Three hundred years before the growth of that English welfare state, British philosopher Thomas Hobbes argued that without social contracts and government man was fated to live a life that was “solitary, poore, nasty, brutish, and short”. Hobbes was describing the condition of man living in anarchy and Leviathan is indeed an argument for social contracts and governments. It’s a more sophisticated version of what Rabbi Chaninah taught in the Ethics of the Fathers: “Pray for the welfare of the government. If it were not for the fear of the government, each man would eat his neighbor alive!” Chaninah was describing the Romans and Hobbes was an advocate of monarchy. They understood that ultimately government is coercive. Hobbes said, “except they be restrained through fear of some coercive power, every man will dread and distrust each other.” Hobbes called his society of interlocking social contracts Leviathan.
Without those social contracts, the rule of law and the ability to rely on the fact that actual contracts will be enforced, the industrial revolution would most likely never have happened. Hobbes’ Leviathan seems to be necessary. The problem with Leviathan is that as it grows beyond a certain point it starts to strangle things and restrict freedom.
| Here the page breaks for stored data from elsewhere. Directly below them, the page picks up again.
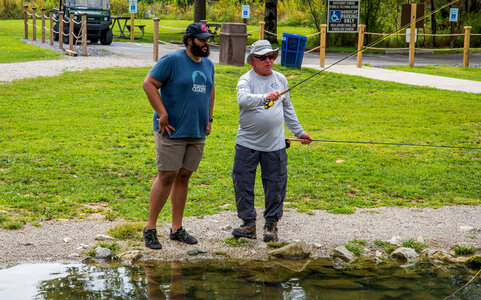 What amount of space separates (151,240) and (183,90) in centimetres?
130

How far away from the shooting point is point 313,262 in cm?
541

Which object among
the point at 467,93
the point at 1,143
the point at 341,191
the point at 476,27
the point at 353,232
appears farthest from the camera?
the point at 476,27

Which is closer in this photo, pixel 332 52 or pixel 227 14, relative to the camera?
pixel 332 52

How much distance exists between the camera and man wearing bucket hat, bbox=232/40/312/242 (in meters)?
5.50

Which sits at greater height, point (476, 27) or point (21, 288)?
point (476, 27)

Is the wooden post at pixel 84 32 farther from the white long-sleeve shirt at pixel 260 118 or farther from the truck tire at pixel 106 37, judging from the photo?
the white long-sleeve shirt at pixel 260 118

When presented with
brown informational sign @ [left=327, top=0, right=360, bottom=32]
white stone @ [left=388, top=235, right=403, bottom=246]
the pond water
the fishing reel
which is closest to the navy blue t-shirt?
the fishing reel

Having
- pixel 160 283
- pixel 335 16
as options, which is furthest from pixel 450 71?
pixel 160 283

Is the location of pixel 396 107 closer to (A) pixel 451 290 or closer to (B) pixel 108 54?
(A) pixel 451 290

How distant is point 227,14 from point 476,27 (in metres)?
18.7

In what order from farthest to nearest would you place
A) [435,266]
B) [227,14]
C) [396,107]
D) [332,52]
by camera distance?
1. [227,14]
2. [332,52]
3. [396,107]
4. [435,266]

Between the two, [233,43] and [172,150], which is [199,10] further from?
[172,150]

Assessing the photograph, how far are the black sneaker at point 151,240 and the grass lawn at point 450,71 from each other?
14561mm

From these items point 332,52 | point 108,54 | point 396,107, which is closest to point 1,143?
point 396,107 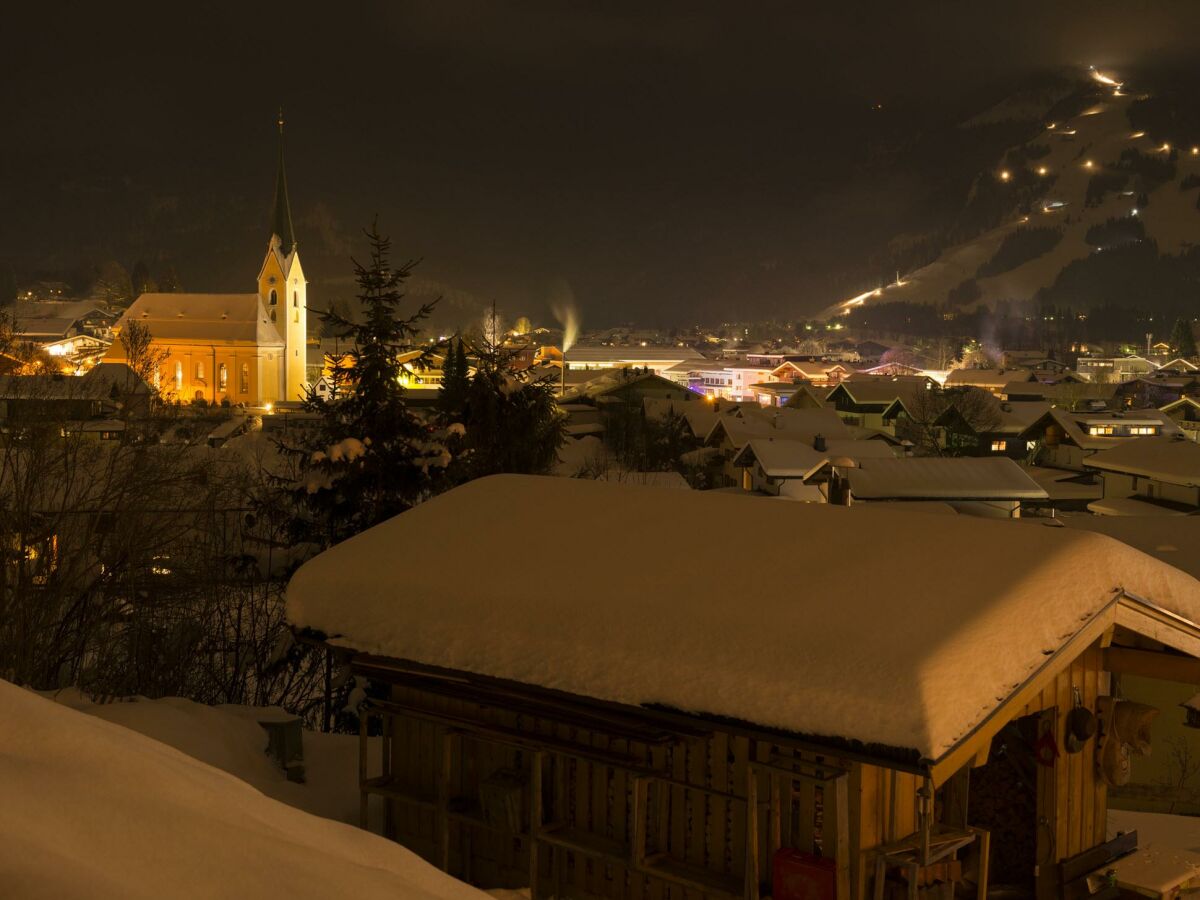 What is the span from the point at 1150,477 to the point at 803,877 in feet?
81.3

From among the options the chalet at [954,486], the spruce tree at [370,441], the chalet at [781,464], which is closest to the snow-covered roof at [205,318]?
the chalet at [781,464]

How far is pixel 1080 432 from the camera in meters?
39.5

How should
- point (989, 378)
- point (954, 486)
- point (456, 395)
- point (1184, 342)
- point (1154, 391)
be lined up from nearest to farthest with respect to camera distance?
point (456, 395), point (954, 486), point (1154, 391), point (989, 378), point (1184, 342)

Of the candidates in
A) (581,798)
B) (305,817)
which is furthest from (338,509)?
(305,817)

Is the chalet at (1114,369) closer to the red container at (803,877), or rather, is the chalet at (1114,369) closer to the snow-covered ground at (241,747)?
the snow-covered ground at (241,747)

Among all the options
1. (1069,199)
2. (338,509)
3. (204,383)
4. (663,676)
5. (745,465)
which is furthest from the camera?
(1069,199)

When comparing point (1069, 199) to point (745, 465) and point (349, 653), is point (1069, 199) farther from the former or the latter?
point (349, 653)

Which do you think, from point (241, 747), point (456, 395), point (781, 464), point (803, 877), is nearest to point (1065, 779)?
point (803, 877)

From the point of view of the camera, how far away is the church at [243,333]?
73.1 meters

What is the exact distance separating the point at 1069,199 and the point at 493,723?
6981 inches

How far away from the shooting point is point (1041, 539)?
6.32 m

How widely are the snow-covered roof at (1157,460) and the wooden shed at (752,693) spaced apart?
21054mm

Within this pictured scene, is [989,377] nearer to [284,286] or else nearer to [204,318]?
[284,286]

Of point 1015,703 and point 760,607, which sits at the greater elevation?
point 760,607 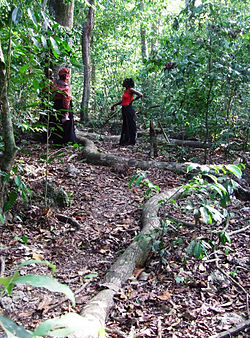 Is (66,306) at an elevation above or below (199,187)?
below

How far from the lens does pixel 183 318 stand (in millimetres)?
2250

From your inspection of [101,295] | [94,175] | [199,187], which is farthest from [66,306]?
[94,175]

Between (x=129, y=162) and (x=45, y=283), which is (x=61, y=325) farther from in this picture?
(x=129, y=162)

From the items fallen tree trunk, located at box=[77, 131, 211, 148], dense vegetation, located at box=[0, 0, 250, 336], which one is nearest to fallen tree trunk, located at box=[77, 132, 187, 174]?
dense vegetation, located at box=[0, 0, 250, 336]

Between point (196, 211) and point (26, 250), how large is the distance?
159 centimetres

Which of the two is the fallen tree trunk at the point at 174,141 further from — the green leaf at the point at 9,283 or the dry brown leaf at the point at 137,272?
the green leaf at the point at 9,283

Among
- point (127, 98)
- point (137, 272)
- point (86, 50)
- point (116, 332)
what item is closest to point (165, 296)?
point (137, 272)

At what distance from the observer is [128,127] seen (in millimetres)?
7465

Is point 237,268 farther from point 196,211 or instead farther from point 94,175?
point 94,175

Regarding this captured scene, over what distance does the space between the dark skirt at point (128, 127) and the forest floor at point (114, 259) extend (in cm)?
322

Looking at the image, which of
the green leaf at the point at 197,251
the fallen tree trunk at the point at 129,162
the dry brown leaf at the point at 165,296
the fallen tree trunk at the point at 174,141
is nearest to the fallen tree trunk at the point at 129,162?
the fallen tree trunk at the point at 129,162

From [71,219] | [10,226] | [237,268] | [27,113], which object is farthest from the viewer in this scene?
[71,219]

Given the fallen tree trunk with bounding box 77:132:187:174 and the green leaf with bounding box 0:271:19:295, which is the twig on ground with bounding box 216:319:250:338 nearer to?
the green leaf with bounding box 0:271:19:295

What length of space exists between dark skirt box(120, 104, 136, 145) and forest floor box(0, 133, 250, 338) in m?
3.22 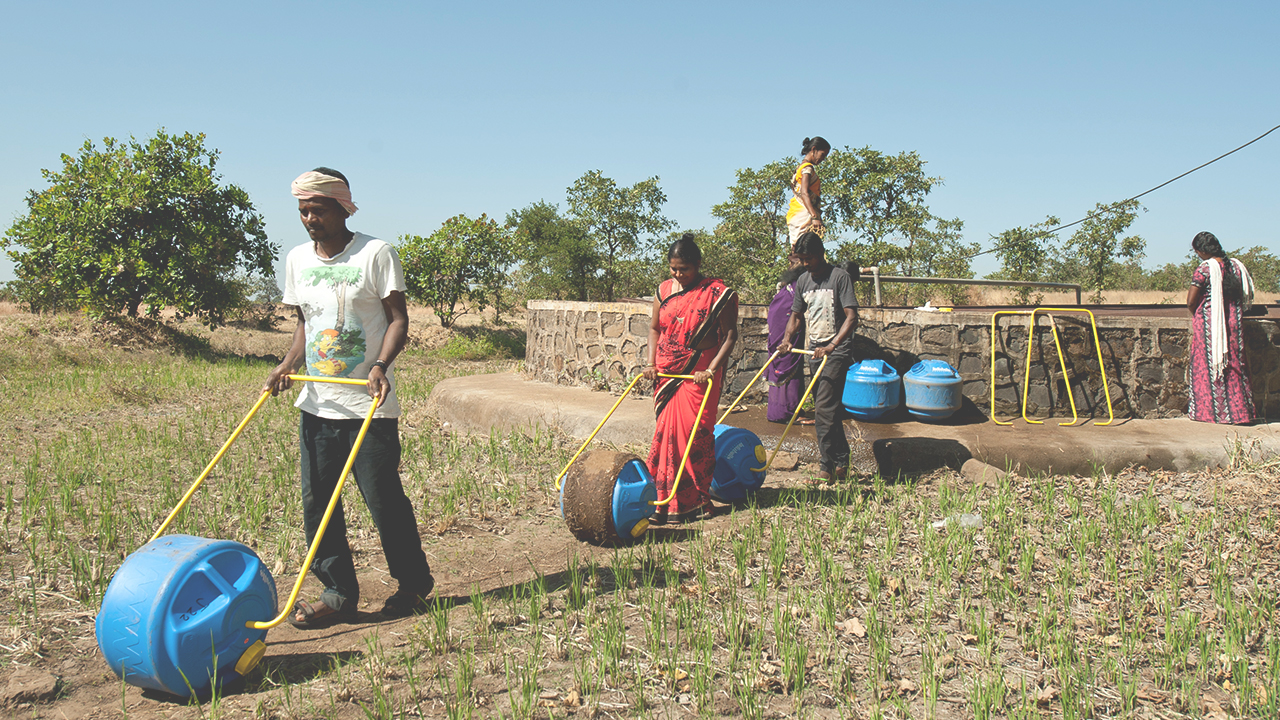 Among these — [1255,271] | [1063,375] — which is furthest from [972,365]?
[1255,271]

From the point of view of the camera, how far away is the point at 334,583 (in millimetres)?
3531

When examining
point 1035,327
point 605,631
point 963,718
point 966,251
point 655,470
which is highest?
point 966,251

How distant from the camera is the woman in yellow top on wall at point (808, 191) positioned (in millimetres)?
7277

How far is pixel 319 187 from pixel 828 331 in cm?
375

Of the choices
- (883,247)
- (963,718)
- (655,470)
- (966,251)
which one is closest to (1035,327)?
(655,470)

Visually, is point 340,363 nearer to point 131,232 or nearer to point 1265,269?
point 131,232

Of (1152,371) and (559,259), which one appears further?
(559,259)

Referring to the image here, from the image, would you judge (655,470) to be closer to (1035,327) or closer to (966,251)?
(1035,327)

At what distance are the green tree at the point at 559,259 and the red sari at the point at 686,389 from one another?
21906 millimetres

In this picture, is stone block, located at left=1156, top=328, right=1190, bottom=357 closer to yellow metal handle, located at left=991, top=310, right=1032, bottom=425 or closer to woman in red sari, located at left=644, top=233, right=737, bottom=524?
yellow metal handle, located at left=991, top=310, right=1032, bottom=425

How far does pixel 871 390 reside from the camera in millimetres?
6945

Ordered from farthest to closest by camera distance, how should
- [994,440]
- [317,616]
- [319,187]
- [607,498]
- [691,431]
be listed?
1. [994,440]
2. [691,431]
3. [607,498]
4. [317,616]
5. [319,187]

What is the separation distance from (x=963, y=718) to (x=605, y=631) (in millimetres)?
1284

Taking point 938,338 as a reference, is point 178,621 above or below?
below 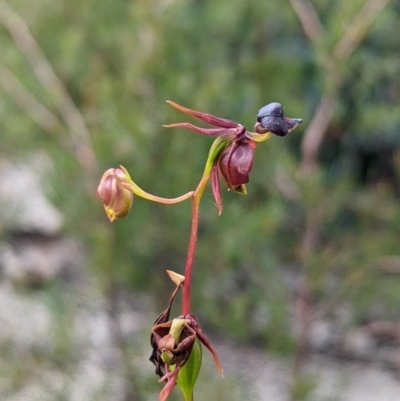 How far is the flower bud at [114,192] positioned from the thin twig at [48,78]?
0.73 meters

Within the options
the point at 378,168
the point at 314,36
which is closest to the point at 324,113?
the point at 314,36

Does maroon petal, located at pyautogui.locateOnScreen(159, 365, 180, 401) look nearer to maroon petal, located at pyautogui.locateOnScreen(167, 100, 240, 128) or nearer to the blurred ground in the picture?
maroon petal, located at pyautogui.locateOnScreen(167, 100, 240, 128)

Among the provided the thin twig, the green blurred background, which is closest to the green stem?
the green blurred background

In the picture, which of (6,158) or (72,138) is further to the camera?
(6,158)

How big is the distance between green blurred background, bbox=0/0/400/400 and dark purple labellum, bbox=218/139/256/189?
2.15 ft

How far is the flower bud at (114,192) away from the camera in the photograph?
26 centimetres

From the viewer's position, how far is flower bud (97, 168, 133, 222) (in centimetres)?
26

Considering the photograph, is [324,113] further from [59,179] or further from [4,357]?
[4,357]

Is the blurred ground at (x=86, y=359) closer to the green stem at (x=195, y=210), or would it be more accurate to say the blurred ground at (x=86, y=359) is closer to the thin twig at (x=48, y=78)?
the thin twig at (x=48, y=78)

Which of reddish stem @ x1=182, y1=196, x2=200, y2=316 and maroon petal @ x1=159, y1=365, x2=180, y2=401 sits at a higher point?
reddish stem @ x1=182, y1=196, x2=200, y2=316

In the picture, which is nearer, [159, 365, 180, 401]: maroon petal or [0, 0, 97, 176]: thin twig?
[159, 365, 180, 401]: maroon petal

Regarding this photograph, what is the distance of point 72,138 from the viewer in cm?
103

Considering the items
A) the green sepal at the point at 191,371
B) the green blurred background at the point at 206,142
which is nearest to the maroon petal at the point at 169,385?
Result: the green sepal at the point at 191,371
Taylor picked 1914 because World War One was the impetus for a tremendous growth in the size and scope of the British government. Interestingly, the automobile was introduced and considerably developed by 1914. By 1914 cars were a major industry. By the end of 1914, Henry Ford had sold three quarters of a million Model Ts, the Dodge brothers were selling their own cars (after having supplied Ford) and Billy Durant was busy using Chevrolet to buy back control of General Motors. Ford, Durant and the Dodges don’t really have modern counterparts. Those original automotive entrepreneurs operated in an era with virtually no environmental and few financial regulations. Government was a virtual non-entity in their business plans unless those plans involved miltary sales. Today’s automotive entrepreneurs, like Tesla’s Elon Musk and Fisker’s Henrik Fisker base their entire business models on government. The look to Leviathan for low cost business loans and for regulations and tax credits that favor their retail sales model.
Perhaps if the car was invented today, it could be sold, but it would probably end up being even more regulated and more expensive than a typical car is today.